The triangle is an interaction between three roles: the Victim, the Rescuer, and the Persecutor. Sometimes you might get three different parties involved in a relationship, each taking one corner of the triangle; alternatively, you might find two parties taking up two of the roles and casting others who are external to their interaction in the third.

The latter scenario then offers the participants the opportunity to play games with each other by switching positions. Transactional Analysis calls these switches the 'pay-off'. The person who makes the switch gets an emotional kick that may be unhealthy in content (like the 'Don't-Blame-Me-When-it-All¬-Goes-Belly-Up flounce' I mentioned in my last post on this subject), but feeds their need for attention, self-justification or stimulation.

So, you might for example find a choral director swooping in to rescue a choir that has undergone a disagreement that has led to the loss of their previous director (and typically a fair number of singers too). The choir takes the role of the Victim, bruised and hard-done-by, and the new director gets to feel good about themselves as they step in to rescue the choir from collapse.

If nobody is playing games, things settle down quite quickly, equilibrium is restored and music-making continues without further drama. In other cases, you find the roles getting entrenched, with the choir becoming endemically passive and put-upon as a way to elicit the knight-on-a-white-charger instincts of the director. Or, equally true, the satisfaction the director takes in feeling indispensable to the singers' well-being becomes an obstacle to handing over any real musical responsibility to the ensemble. (This kind of co-dependency is often perceptible in the form of a director whose gestures are much more vigorous than their singers' performance.)

And then at some point, someone gets fed up of the role they're playing and initiates a switch. The director may get frustrated with the passivity that they have fostered, feeling burnt out because they have to initiate everything. This frustration may break out in switching to the Persecutor role, haranguing the singers for their failings and bullying them over instructions given repeatedly but only intermittently followed.

Or the director may usurp the role of the Victim, accusing the choir of being ungrateful and unsupportive.
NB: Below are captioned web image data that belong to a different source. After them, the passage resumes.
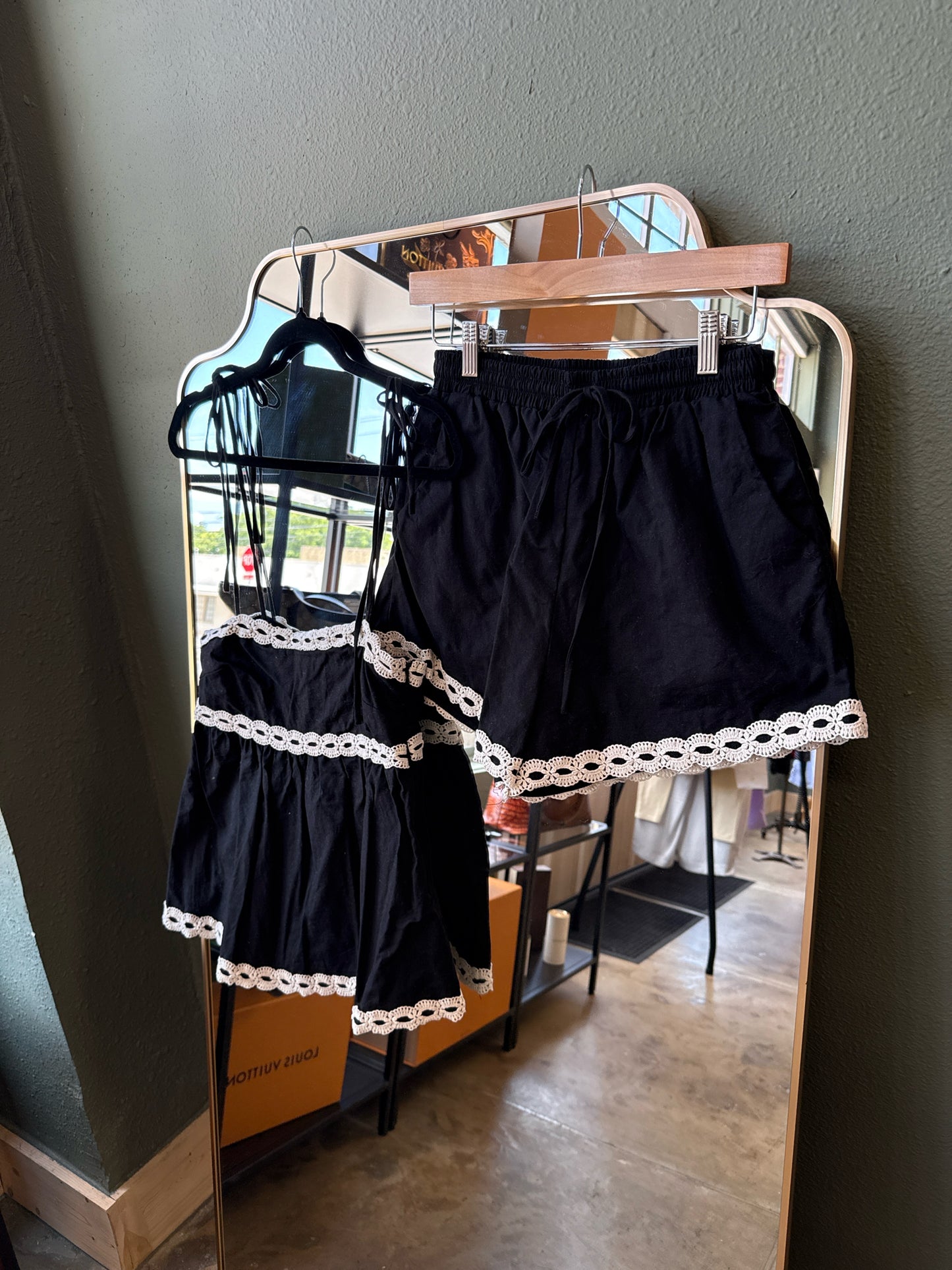 Fortunate One Size S Black Two Piece Set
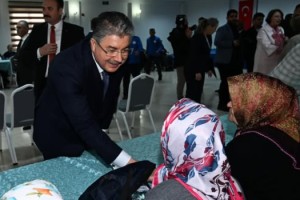 Osmaniye Protokolü Huzurevi Sakinleriyle Bayramlaştı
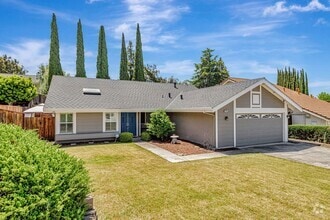 Building Photo - Remodeled 3-bedroom 2-bathroom Evergreen Home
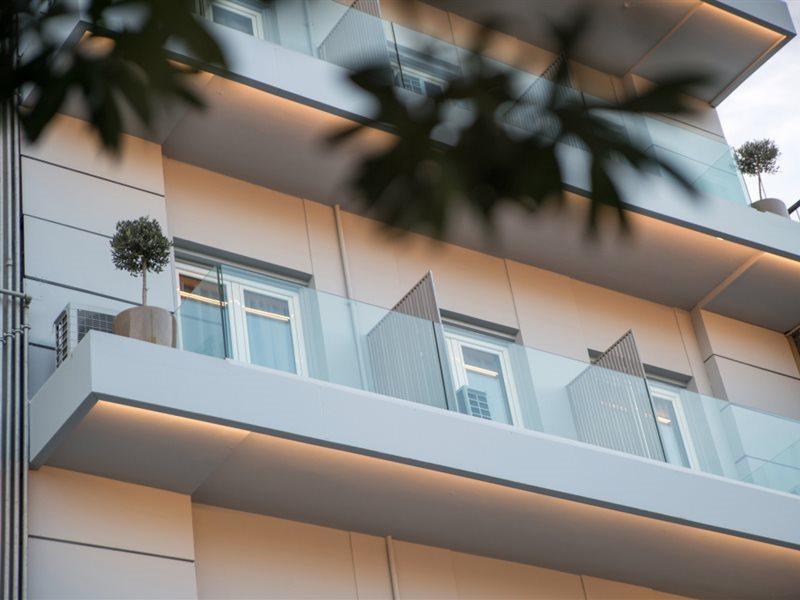 ホテル The Convo Athens Riviera エクステリア 写真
The choir, bumped from their usual spot may at this point switch over to take on the Rescuer role, and shower the director with assurances of their continued gratitude and offers of help. Alternatively, the choir may turn on the director as Persecutors and blame them for all the choir's failings.

This post is taking a long time to write, because I keep having to stop and think about specific examples I have seen over the years. I am not going to name them as I'm not into washing dirty linen in public, but my guess is that anyone who has much choral experience will have come across some form of this kind of drama over the years.

In its milder forms, it's probably not very dysfunctional - no more than we all are as flawed human beings muddling through as best we can. You sometimes sees mild forms cycle downwards into a crisis point, which is traumatic at the time, but in the medium term does succeed in clearing the air and giving a fresh start from which to negotiate working relationships.

The problems arise when people get endemically stuck in this script, playing out the fairy-tale narrative of Damsel-in-Distress, Dragon and Knight-on-White-Charger endlessly. It's the repetition of the cycle that tells you that people are being driven more by the pay-offs of the game than the desire to make music. It can be hard to step outside the cycle as it is so richly and emotively meaningful in its structure.

But once you have decided to step away from the safety its standardised patterns, you find there are all kinds of emotional rewards on offer that don't involve bullying or helplessness, and that let you make music without carrying nearly such a weight of anxiety.